All combinations described above have expanded the number of combination options available to patients with advanced disease and increased the complexity of individualizing care. The choice between an ICI doublet (ipilimumab/nivolumab) and one of the various TKI/ICI combinations may be driven by: (1) IMDC risk status (as ipilimumab/nivolumab being solely approved in intermediate/poor risk patients); (2) a notably lower upfront failure rate for all TKI/ICI combinations (explained by dual mechanism of action and relevant in patients with rapidly progressive, symptomatic disease who may not reach second-line therapy for which the risk remains higher with ipilimumab/nivolumab)[29]; (3) the above mentioned PFS “tail of the curve” for ipilimumab/nivolumab (which should motivate consideration of this regimen in patients with no/little concern for rapid progression and deterioration, until TKI/IO datasets are more mature and can speak to the presence of absence of a tail of the curve for those regimens); and (4) co-morbidities (uncontrolled cardiovascular disease arguing against TKI-containing regimen; conditions limiting tolerability of high-dose corticosteroids causing concern for use of the ICI doublet, which comes with a notably higher risk of requiring steroids for high-risk immune related toxicity). Once the determination is made to proceed with TKI/ICI, treating physicians are left with several regimens that have met all primary endpoints during the registration process. Study populations for KeyNote-426, CheckMate 9ER and CLEAR varied notably, and a clear “winner” cannot be chosen while follow-up is comparatively short for all of these, and the “tail-of-the-curve” question is left unanswered still. Instead, the decision will be driven by physician experience with and their preference for individual agents, reported starting doses (e.g., cabozantinib is started at an attenuated dose with nivolumab; axitinib is started at a standard dose with pembrolizumab; lenvatinib is started at a higher dose with pembrolizumab compared to the previously approved combination with everolimus) and the individual nuances of toxicity that may be particularly enticing with each (e.g., low rate of hepatic events with lenvatinib and pembrolizumab or low rate of dose reductions needed for cabozantinib with nivolumab).

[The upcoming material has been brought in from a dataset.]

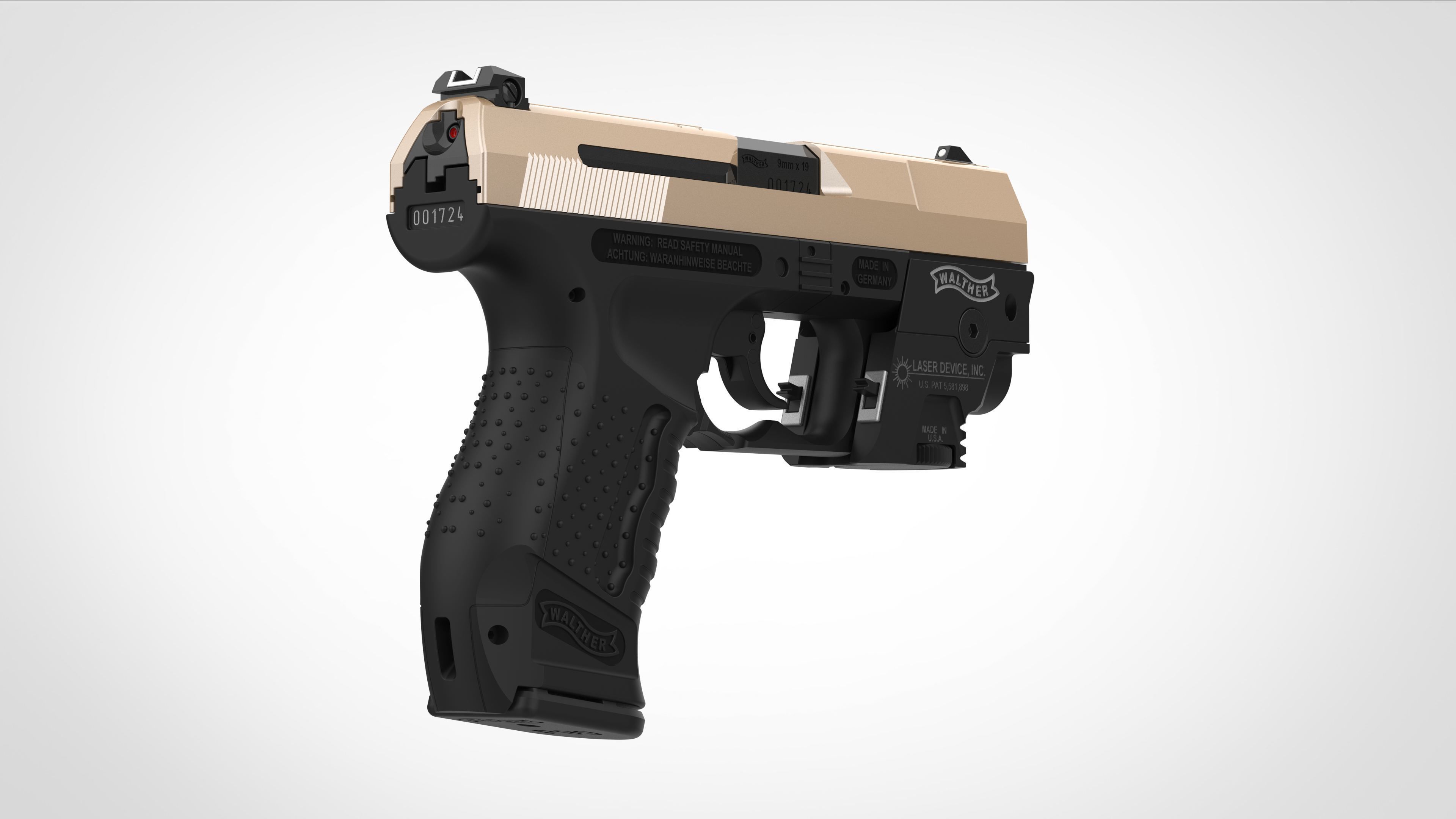 Modified Walther P99 from the movie Underworld 3d model 3D model_8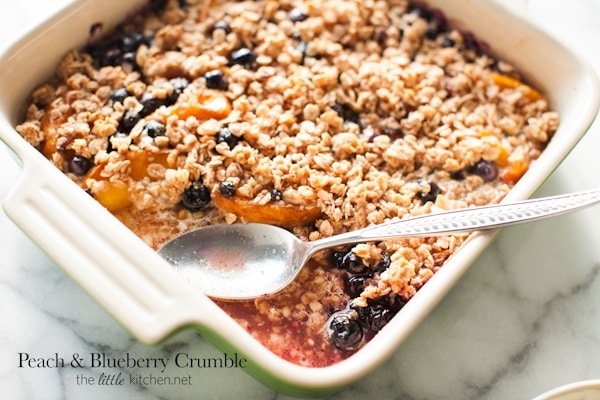 Peach and Blueberry Crumble from thelittlekitchen.net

OPTIMIZING ICI THERAPY - CAN WE ACHIEVE MORE WITH LESS?

Deep responses and durable anticancer effects have been observed in those patients receiving ICI monotherapy - albeit in a lesser proportion of patients[30]. Results from KeyNote-427 Cohort A, a phase II study of pembrolizumab monotherapy in systemically untreated ccRCC patients, demonstrated an ORR of 36.4%, of which 3% of patients also achieved a complete response and 15% of patients achieved a high depth of response with > 80% tumor reduction[30]. Such ICI monotherapy comes at a notably lower risk for high-grade toxicity than ICI-containing combination therapy. Several groups have investigated adaptive designed trials which escalate and de-escalate immunotherapy based upon an individualized response to minimize risk while attempting to achieve durable benefit.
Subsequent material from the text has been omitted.